Clusters are groups of similar components that work together to service client requests.
A cluster is a parallel or distributed computing system made up of many discrete hosts that form a single, unified computing resource. Through clustering, you can partition the system load across redundant Unwired Platform components to design a highly-available system.
There are two tiers you can install in a cluster: the server tier (Unwired Server) and the data tier (runtime databases). The server tier may further be supported by a relay server and a load balancer, depending on the scale of your rollout.
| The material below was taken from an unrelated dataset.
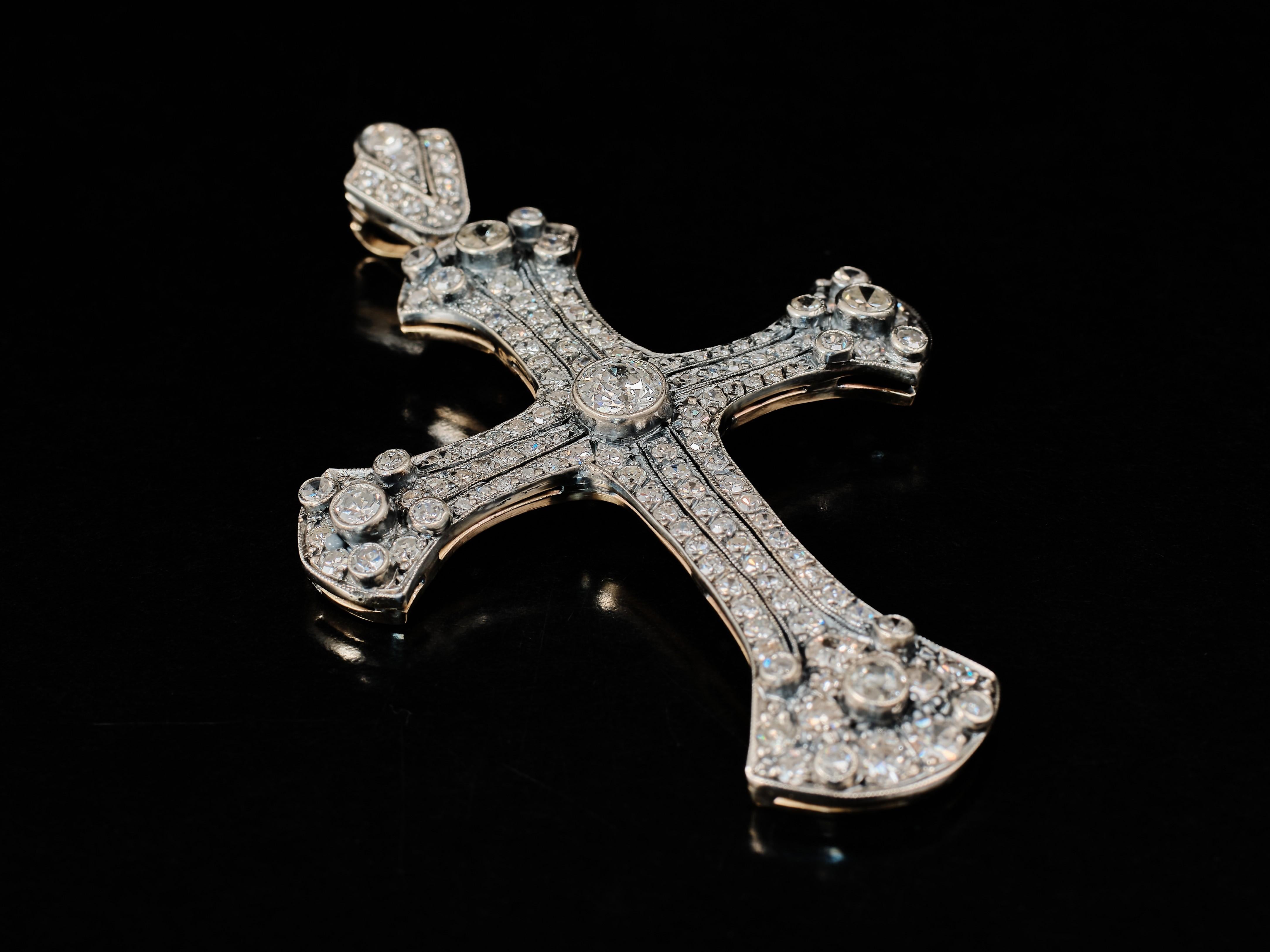 Old European Cut Antique diamond cross For Sale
Each tier uses a different type of cluster model:
- Load-balancing server tier clusters – improve the system performance by sharing workloads and requests, and improving the efficiency of Unwired Server services (like synchronization and deployment). Requests initiated from the client are managed by a load balancer (or application request routing services in the case of some IIS deployments) for two or more relay servers. This load balancer distributes requests to these relay servers (or some other mechanism) among all the Unwired Server cluster nodes. Each node in the Unwired Server cluster scales independently and automatically when another Unwired Server node joins or leaves the cluster.
- Failover data tier clusters – improve the availability of runtime database services to Unwired Servers. Failover clusters have a redundant node, which provides data tier services when the primary node fails. The most common size for a failover consolidated database cluster is two nodes, which is the minimum requirement to provide redundancy and thereby eliminate single points of failure.
Note: The data tier does not need a relay server, since it will not be accessed directly from outside the firewall.
Each Unwired Server cluster has a primary node:
- The primary node contains the master copy of the configuration repository for all nodes in the cluster. The primary node distributes its configuration to the other nodes.
When a primary node fails, a new primary is elected from the remaining nodes.
- Each secondary node gets its configuration from the primary node. Nodes must have unique names, but are identified as members of the same cluster as the primary node.
Each Unwired Server in a cluster runs on a separate host. It can connect to the data tier independently, as well as have its own copy of the system files required for execution. Sybase recommends that each cluster node run from its own installation directory.